- YOUR GOAL
Leaving out every line that comes before the one containing "RollingstoneRegularDb Font –", output the rest of the records exactly, the final line included.

(Stored entries)
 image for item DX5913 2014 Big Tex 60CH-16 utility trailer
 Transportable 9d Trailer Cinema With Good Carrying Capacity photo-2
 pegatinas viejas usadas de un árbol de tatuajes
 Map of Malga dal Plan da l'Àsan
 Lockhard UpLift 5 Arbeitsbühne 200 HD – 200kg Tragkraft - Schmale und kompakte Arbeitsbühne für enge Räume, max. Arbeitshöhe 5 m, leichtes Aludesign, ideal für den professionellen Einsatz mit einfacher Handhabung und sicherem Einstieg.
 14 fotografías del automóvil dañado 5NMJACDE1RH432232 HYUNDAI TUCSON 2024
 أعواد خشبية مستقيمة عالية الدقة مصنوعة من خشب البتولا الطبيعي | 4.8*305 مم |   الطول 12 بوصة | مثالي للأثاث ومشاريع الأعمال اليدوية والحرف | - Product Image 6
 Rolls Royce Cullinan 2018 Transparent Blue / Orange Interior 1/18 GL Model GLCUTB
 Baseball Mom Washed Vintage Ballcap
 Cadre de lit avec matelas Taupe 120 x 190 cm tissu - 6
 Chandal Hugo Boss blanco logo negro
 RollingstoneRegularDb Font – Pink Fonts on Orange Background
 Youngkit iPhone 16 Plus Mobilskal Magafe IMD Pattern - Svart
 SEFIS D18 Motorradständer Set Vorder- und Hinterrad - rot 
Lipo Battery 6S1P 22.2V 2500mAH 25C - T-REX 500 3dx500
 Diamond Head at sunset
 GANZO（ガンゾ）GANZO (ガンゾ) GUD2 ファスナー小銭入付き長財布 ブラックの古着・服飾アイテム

- FINISHED TASK
 RollingstoneRegularDb Font – Pink Fonts on Orange Background
 Youngkit iPhone 16 Plus Mobilskal Magafe IMD Pattern - Svart
 SEFIS D18 Motorradständer Set Vorder- und Hinterrad - rot 
Lipo Battery 6S1P 22.2V 2500mAH 25C - T-REX 500 3dx500
 Diamond Head at sunset
 GANZO（ガンゾ）GANZO (ガンゾ) GUD2 ファスナー小銭入付き長財布 ブラックの古着・服飾アイテム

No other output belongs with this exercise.